When teaching my mentorship program, I spend a lot of time explaining stuff like this. Helping other bloggers develop the right kind of mindset, to set certain goals, and to get rid of crazy expectations.

One crucial aspect is this: you must be willing to keep going long after you decided it’s best to quit. In fact, the moment you feel like giving up, that’s when it’s showtime. Count on this. No matter how excited you are in the beginning, you will want to quit.

I wanted to quit not in the first few months, but a few years in, when I already had tens of thousands of followers and had to reply to some thousand e-mails a week.

You’ll want to give up. Don’t.

You’ll want to find some easier way to do it. Don’t. There is not easy way. You must do the work, do your best, and then things will happen just when you were ready to throw in the towel.

Work Ethic

Consistency is key. It’s important to show up. That’s half the battle. Show up, write your posts, do your best, whether you feel like it or not.

I loathe certain myths, like talent or inspiration, because they are just excuses. Lazy people trying to find reasons to continue being lazy.

When that day comes when you don’t feel like writing anything, and you’d much rather binge watch television or sit on a park bench and stare at the sky, force yourself to sit at your desk and just write. Anything at all.

You’ll be amazed that it won’t take long before you start writing stuff that you can actually use. Soon after that, you’ll actually feel inspired.
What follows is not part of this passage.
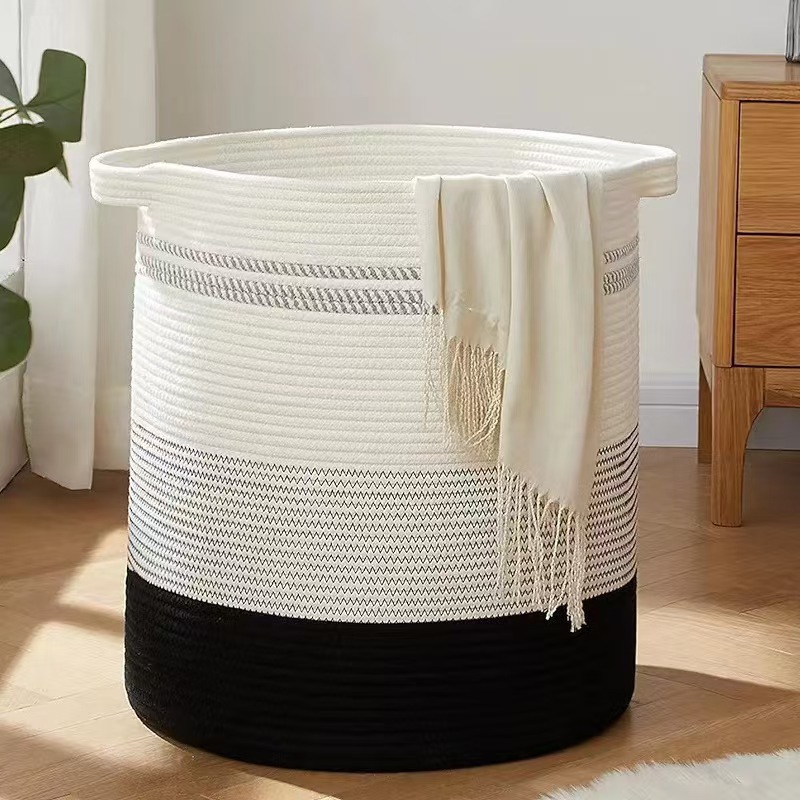 New Cotton Rope Storage Barrel Amazon Large Cotton Rope Woven Basket Household Dirty Clothes Basket Folding Cotton Line Laundry Basket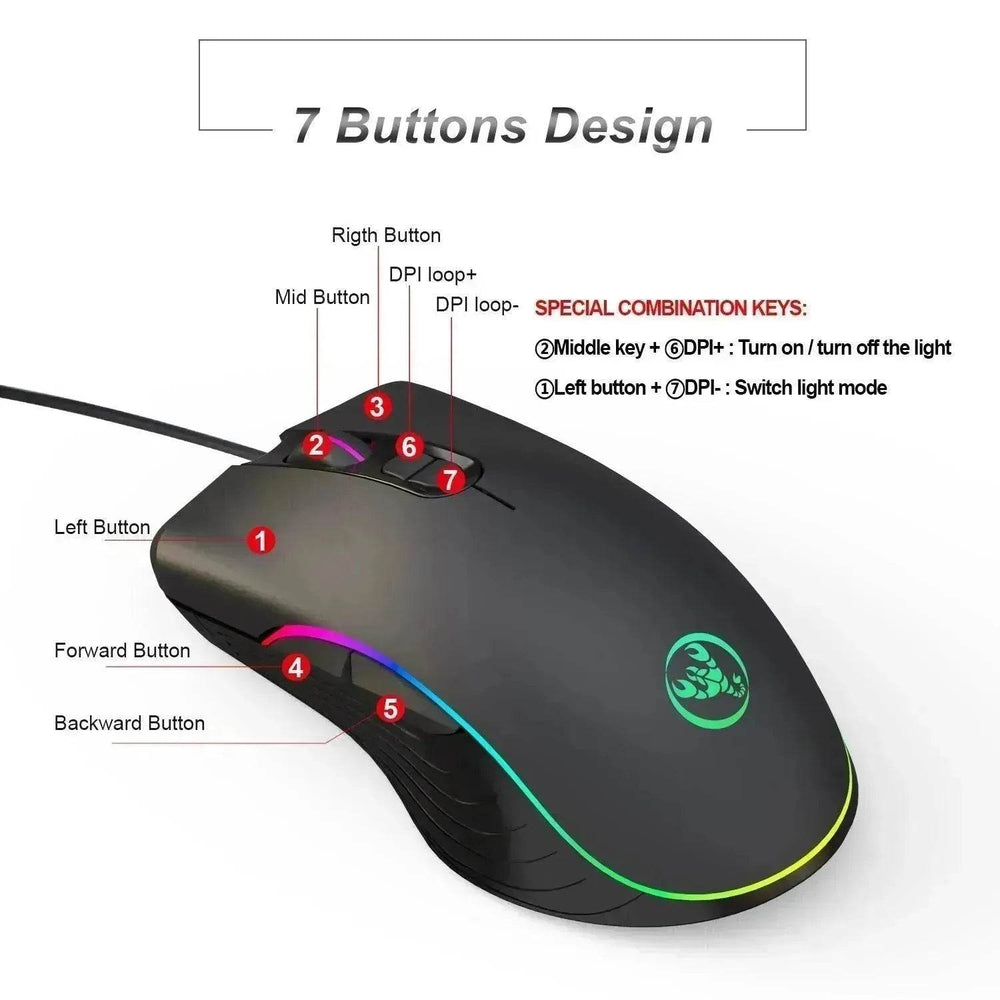 Glowing Gaming Mouse Gaming Wired Mouse - EX-STOCK Canada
Inspiration must find you working, talent is the hard work others see and can’t explain.

Keep human

Try not to forget you’re a human being. And you are doing stuff for other human beings, with other human beings. Do not become obsessed with statistics, numbers. You’re not a machine, and this is not some computer game.

Those numbers are real people, with feelings and emotions and they are reading your words. If that is not something magic to you, I kindly suggest you find something else to do with your time.

It is easy to forget this. So, so easy. Especially when the numbers go up.

Don’t become afraid that if you change things you’ll lose your audience.

Also, a great rule to remember is that writing is the side-effect of life. You go out there and live life, and absorb as much information as possible, and you’ll never run out of things to blog about.


These mindset tricks are essential to the novice blogger, as it allows them to develop inner fortitude, clarity of purpose, and a certain nonchalance about the way they create content that’s often found in world-class bloggers.

But what about the mechanics of blogging for beginners? What about the elements of writing a blog post? Or a workflow that just… works? For that, there’s the Blogging 101: Crash Course. This introductory course is a great place to learn the basics of building and launching a blog.  These lessons will give you an overview of blogging, the basic structure of a blog, and the best process for writing articles on the web.

Click here to enroll today.

5 Comments

  1. Love this. And honestly, while it’s very useful from a blogging perspective, if you take out the word “blogging” and replace it with “career” or “life”, a lot of this would still apply. Excellent job. Thank you for posting! -L

    • Thank you, Lindsey. And, yes, I guess you are right. Most of the mindset of blogging advice I share are inspired by articles I wrote on my personal development blog.

  2. Agree with all of the points. I think this is the post many new bloggers should read before starting a blog

  3. My goal has always been for just one person to read and relate and feel they’re not alone. I don’t really care at this point if my blog is popular (which won’t happen and that’s fine), but I’ve made some great friends and that’s success in my book. I’d rather have lots of engagement and make friends.

  4. Thank you for writing this. As I have just started blogging, this is very informative and it helps a lot.